At Leipzig, Sarah describes Michael as ‘combining mathematical logic with romantic inconsistency’. You might say that that description is Hitchcock’s very own ‘secret formula’! He did indeed meticulously work out his films on paper, down to the smallest detail, before he set foot on the soundstage to realise his pre-planning. Nonetheless, he always remained alert for any last-minute refinements that would further ‘improve’ his film. (Making Psycho, he readily accepted Tony Perkins’s suggestion that Norman Bates should chew candy, like the overgrown kid he is.) There was always the unexpected, you could say. Hitchcock’s formula is both personal and a general rule of 'life'.
All along, of course, Michael has been dependent on his assistant and eventual fiancée, Sarah. Although at first he tries hard to dissuade her to come with him to East Berlin – indeed he conceals from her his intention of going there until the last minute – it’s quite a different matter later. Here is Robin Wood:
When the relationship is cemented by the removal of pretence and deceit, Sarah more than “protects”: she saves Michael at exactly the moment when all seems lost, she proves herself indispensable to the success of his quest, for example, by agreeing to talk with Lindt, by dancing with Karl [the first of Armstrong’s ‘minders’, who attaches himself to Michael on the ship at the start] while Michael manipulates Lindt into arranging a private meeting, by persuading Michael to help the Countess [Kuchinska], by drawing him, in the theatre, to the right door at the right moment.

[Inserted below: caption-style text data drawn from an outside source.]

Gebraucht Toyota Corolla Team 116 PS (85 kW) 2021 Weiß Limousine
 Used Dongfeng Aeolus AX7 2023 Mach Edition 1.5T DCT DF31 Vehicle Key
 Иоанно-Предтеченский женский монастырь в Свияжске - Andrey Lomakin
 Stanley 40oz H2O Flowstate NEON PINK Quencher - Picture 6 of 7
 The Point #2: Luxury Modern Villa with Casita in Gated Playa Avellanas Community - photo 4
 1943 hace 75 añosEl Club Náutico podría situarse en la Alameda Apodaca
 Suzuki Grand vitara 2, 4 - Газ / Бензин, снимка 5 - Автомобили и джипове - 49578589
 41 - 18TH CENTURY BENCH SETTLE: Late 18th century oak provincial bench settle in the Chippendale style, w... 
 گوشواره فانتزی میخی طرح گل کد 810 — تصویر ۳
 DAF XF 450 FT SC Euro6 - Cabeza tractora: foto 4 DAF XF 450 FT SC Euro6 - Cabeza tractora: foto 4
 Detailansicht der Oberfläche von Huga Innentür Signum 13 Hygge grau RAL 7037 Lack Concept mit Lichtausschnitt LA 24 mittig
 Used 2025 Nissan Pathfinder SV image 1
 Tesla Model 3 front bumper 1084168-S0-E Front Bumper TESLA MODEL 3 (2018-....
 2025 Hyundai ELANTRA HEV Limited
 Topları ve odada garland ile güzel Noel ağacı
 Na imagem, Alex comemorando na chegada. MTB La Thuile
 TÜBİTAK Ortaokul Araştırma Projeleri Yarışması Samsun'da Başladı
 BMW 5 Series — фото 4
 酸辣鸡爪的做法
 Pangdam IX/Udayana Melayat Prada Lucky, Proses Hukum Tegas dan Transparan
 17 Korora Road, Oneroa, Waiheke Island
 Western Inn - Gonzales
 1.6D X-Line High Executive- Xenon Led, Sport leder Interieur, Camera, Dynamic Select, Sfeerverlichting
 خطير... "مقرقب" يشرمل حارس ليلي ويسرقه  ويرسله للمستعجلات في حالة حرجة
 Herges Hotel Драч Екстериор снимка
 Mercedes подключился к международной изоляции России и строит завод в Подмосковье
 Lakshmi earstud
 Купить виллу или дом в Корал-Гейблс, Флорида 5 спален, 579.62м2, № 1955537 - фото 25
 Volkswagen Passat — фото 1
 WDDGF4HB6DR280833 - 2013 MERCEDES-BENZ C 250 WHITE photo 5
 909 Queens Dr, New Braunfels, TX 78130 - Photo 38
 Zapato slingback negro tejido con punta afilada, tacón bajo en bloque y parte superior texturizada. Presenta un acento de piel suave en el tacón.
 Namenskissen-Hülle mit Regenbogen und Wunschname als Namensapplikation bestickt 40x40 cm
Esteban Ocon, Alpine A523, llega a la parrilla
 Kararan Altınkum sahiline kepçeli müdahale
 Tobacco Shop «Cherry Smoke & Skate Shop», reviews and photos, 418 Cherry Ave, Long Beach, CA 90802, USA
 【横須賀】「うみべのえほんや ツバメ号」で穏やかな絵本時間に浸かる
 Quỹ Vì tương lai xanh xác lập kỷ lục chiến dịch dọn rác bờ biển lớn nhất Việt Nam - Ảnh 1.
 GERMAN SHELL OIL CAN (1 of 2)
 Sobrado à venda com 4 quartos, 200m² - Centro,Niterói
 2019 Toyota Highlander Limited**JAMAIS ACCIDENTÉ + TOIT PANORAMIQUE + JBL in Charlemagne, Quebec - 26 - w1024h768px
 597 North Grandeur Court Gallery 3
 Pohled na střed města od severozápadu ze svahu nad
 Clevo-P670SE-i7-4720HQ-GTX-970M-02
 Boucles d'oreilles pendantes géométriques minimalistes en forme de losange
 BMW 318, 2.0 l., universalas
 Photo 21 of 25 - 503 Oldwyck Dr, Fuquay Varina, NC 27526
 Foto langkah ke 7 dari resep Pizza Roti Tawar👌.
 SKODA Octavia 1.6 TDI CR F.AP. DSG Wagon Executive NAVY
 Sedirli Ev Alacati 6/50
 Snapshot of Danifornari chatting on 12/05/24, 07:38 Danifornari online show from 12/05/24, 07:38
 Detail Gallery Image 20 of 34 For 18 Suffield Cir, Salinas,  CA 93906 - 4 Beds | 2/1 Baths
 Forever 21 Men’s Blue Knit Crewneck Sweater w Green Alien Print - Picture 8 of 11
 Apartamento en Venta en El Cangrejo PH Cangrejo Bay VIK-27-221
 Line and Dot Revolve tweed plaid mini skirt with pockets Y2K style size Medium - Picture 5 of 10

|"...the glaring East German ballerina..."|
The above-mentioned theatre scene is another fine scene in itself. Michael and Sarah must attend (for reasons that aren’t entirely clear!) a ballet performance of Tchaikovsky’s Symphonic Fantasy, Francesca da Rimini, whose libretto is based on a section of Dante’s Inferno. Perfect for the film’s symbolism! Suddenly this place of temporary refuge for the two Americans becomes a place of potential entrapment when Gerhard arrives in person and armed soldiers enter at every door and even surface in the orchestra pit. Row by row, the searching Gerhard draws nearer to Michael and Sarah. Keeping his wits about him, but feeling momentarily helpless, Michael glances desperately at the stage, where a simulated fire of red and yellow streamers is burning. Inspired, he rises in his seat, pointing vaguely around him, and shouts ‘Fire!’ – to immediate effect. The audience promptly rushes for the exits, impeding Gerhard and his soldiers. While this is happening, Michael and Sarah make their way towards their backstage contact, an aging stagehand, and summon him by beating on – of course - the theatre’s red fire-door! The stagehand immediately opens the door, and Michael and Sarah are able to squeeze through, which is then somehow closed in Gerhard’s face. The scene, you feel, was one that Hitchcock had filed away long ago – he once told an interviewer that he had an entire filing-cabinet of good ideas, waiting to be used. Of course, panic in a crowded theatre had historical precedents, going back at least as far as one occasion at London’s Surrey Gardens Music Hall in 1856. (See “Shouting fire in a crowded theater”, an entry in Wikepedia.) Hitchcock would surely have known of it – London music halls were a major interest of his, especially when he was growing up, and for a while he would attend them regularly.
One doesn’t have to accept critic Robin Wood’s master-concept for Torn Curtain, that it is forever undermining Armstrong by implying the moral messiness of his actions (e.g., by exposing others to injury in the theatre, or by making Lindt such a ‘delightful old gentleman’ that it seems a shame to trick him). On the other hand, Wood thinks that the film ‘[discourages] us (unsuccessfuly) from feeling [Armstrong] to be as nasty as he in fact is’. Don’t audiences take a film’s characters pretty much as they find them? In any case, looking at the film objectively, I think Hitchcock deserves praise for another insight: he surely saw, like Carl Jung writing in 1964, that the world had become ‘dissociated like a neurotic, with the Iron Curtain marking the symbolic line of division’, and that the human cost was high. The glaring East German ballerina’s hostility in her onstage role effectively reminds us of that cost. The film ends with Michael and Sarah retreating under a large grey blanket in front of a modest stove/heater. May we conclude that the message is: all you need is love? Well, no, but love may still be our best hope.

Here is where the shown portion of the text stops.